Every young Indian leaving the homeland for the United States is given the following orders by their parents: Don't eat any cow (It's still sacred!), don't go out too much, save (and save, and save) your money, and most important, do not marry a foreigner. Priya Rao left India when she was twenty to study in the U.S., and she's never been back. Now, seven years later, she's out of excuses. She has to return and give her family the news: She's engaged to Nick Collins, a kind, loving American man. It's going to break their hearts.
Returning to India is an overwhelming experience for Priya. When she was growing up, summer was all about mangoes-ripe, sweet mangoes, bursting with juices that dripped down your chin, hands, and neck. But after years away, she sweats as if she's never been through an Indian summer before. Everything looks dirtier than she remembered. And things that used to seem natural (a buffalo strolling down a newly laid asphalt road, for example) now feel totally chaotic.
But Priya's relatives remain the same. Her mother and father insist that it's time they arranged her marriage to a “nice Indian boy.” Her extended family talks of nothing but marriage-particularly the marriage of her uncle Anand, which still has them reeling. Not only did Anand marry a woman from another Indian state, but he also married for love. Happiness and love are not the point of her grandparents' or her parents' union. In her family's rule book, duty is at the top of the list.

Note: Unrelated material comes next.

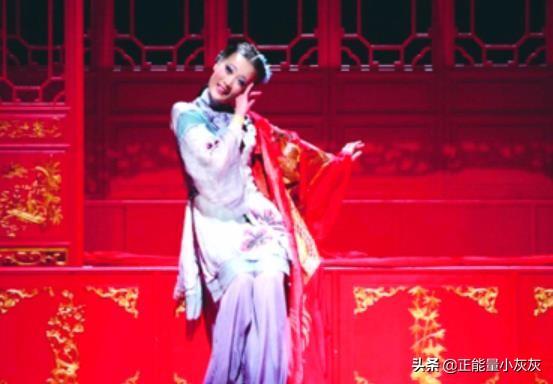 待我长发及腰下一句是什么搞笑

Just as Priya begins to feel she can't possibly tell her family that she's engaged to an American, a secret is revealed that leaves her stunned and off-balance. Now she is forced to choose between the love of her family and Nick, the love of her life.
As sharp and intoxicating as sugarcane juice bought fresh from a market cart, The Mango Season is a delightful trip into the heart and soul of both contemporary India and a woman on the edge of a profound life change.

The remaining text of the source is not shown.